My husband I are small business owners. The kind with the brick and mortar location and an array of personality types walking through our doors daily. We are always on the phone, on our computers, working, marketing, strategizing, teaching, training, traveling, responding to emails and phone calls, and just all-around busy. Owning a business is time-consuming, that’s for sure.
We are also parents to the world’s most adorable duo. Our daughter just turned one and our son is almost three years old. They come with us to work because we don’t want to be absent parents despite our heavy workload.
We want to be involved and available in our children’s lives so that when they are adults and they look back on their childhood, they can say that, “Mom and Dad were there for me.” They are just as demanding as they are cute, but I guess that comes with the toddler territory.
As busy as we are, we love our life. We love the impact we and our business have on the lives of the families and individuals who walk through our doors. We love that we get to bring our kids to work with us. I won’t ever take that for granted. I love that I get to work and parent alongside my best friend. I wouldn’t want to do any of this without him.
And yet, even though I spend the vast majority of my day alongside my husband, it can often feel like I don’t see him at all. We rub shoulders together as business partners and parents but not nearly enough as lovers.
I watch my husband teach classes or spend hours on the computer working. I watch him smile as he glances over at our children’s antics while he counts another rep for his clients. I listen as he reads the bedtime story for the kids as they fall asleep each night. I see him come home, worn out but still excited about tomorrow as he slumps into bed and starts snoring before his head hits the pillow.
But I rarely get him. Just him.
Not the business owner. Not the father. Just the man.

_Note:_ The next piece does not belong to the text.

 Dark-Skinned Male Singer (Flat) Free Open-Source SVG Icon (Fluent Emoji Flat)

So we have implemented a weekly date night. Every Friday. It is one of our family rhythms that help keep me sane each week. And it is non-negotiable.
It’s where I can leave work behind (sort of… do entrepreneurs ever really leave work behind?). I can dress up or down, depending on how I’m feeling that day. Its where I can explore the different cuisine and nightlife that Columbia has to offer.

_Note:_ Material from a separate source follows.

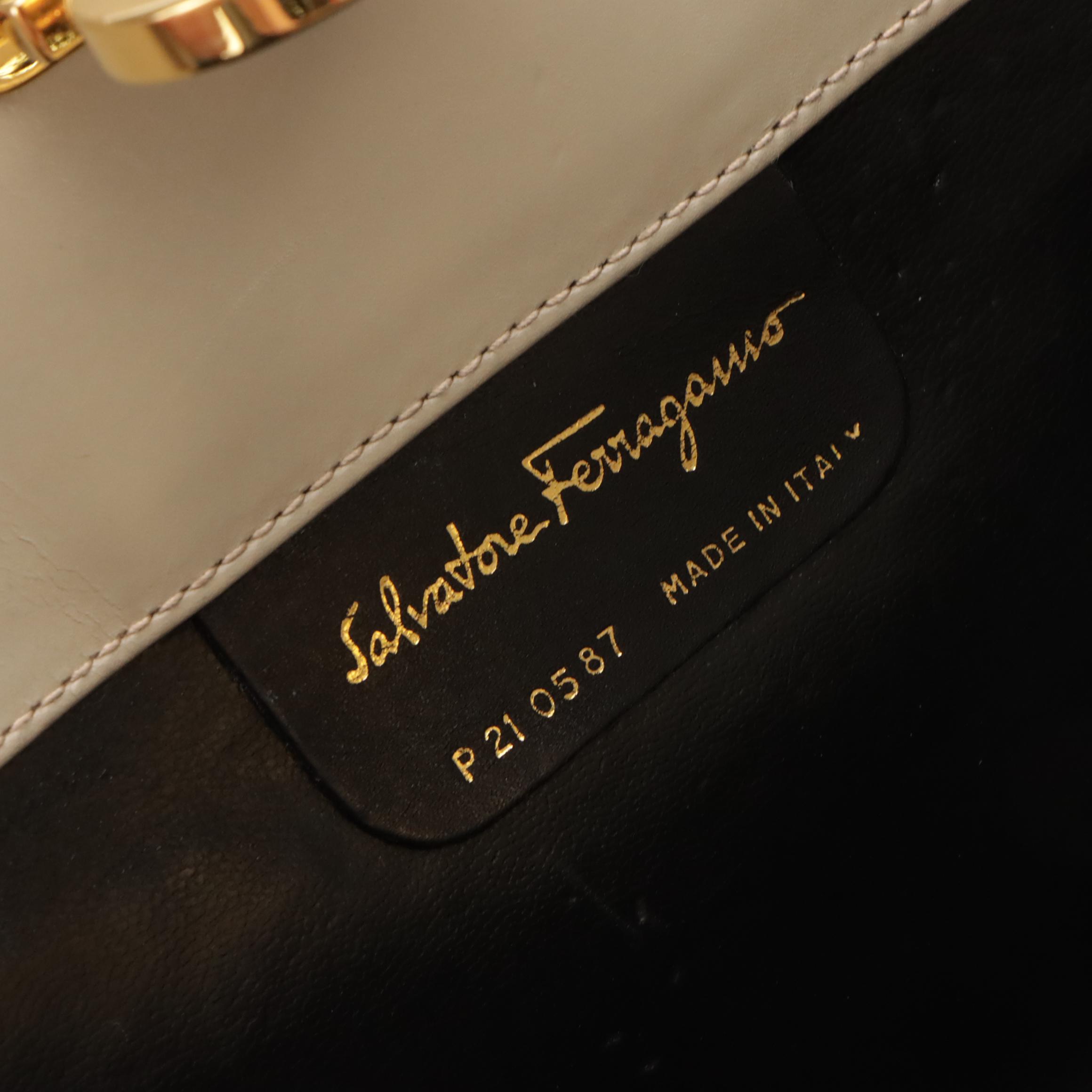 Salvatore Ferragamo Leather Gancini Clasp Crossbody with Chain-Link Strap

But most importantly, it’s where I get my husband.
My husband winds down with a beer in his hand at whatever restaurant we decided on for the evening. As the contents of his beer start to vanish, so do the worry lines in his forehead. We talk. We try not to talk about work too much but it’s inevitable at some point.
We laugh, usually at the fun new things our fast-growing babies are learning to do. We reminisce about the past, before the kids and the growing business. We dream of the future, where we hope to one day have more freedom to travel and invest.
And I flirt. I always flirt with him. I adore his smile and the way he holds my hand in his. I love his kisses and his tender looks. So often I see him as my business partner or as the father to my children, but old school flirting reminds me to see him as my lover. My first real heartthrob.
For a few hours, we are just ourselves. Not martial arts instructors, not payroll coordinators, and diaper changers. We are just Tim and Tamayah. Husband and wife. It’s easy to get lost in our busy day to day lives. I don’t think anyone would blame us really, but I refuse to let that happen.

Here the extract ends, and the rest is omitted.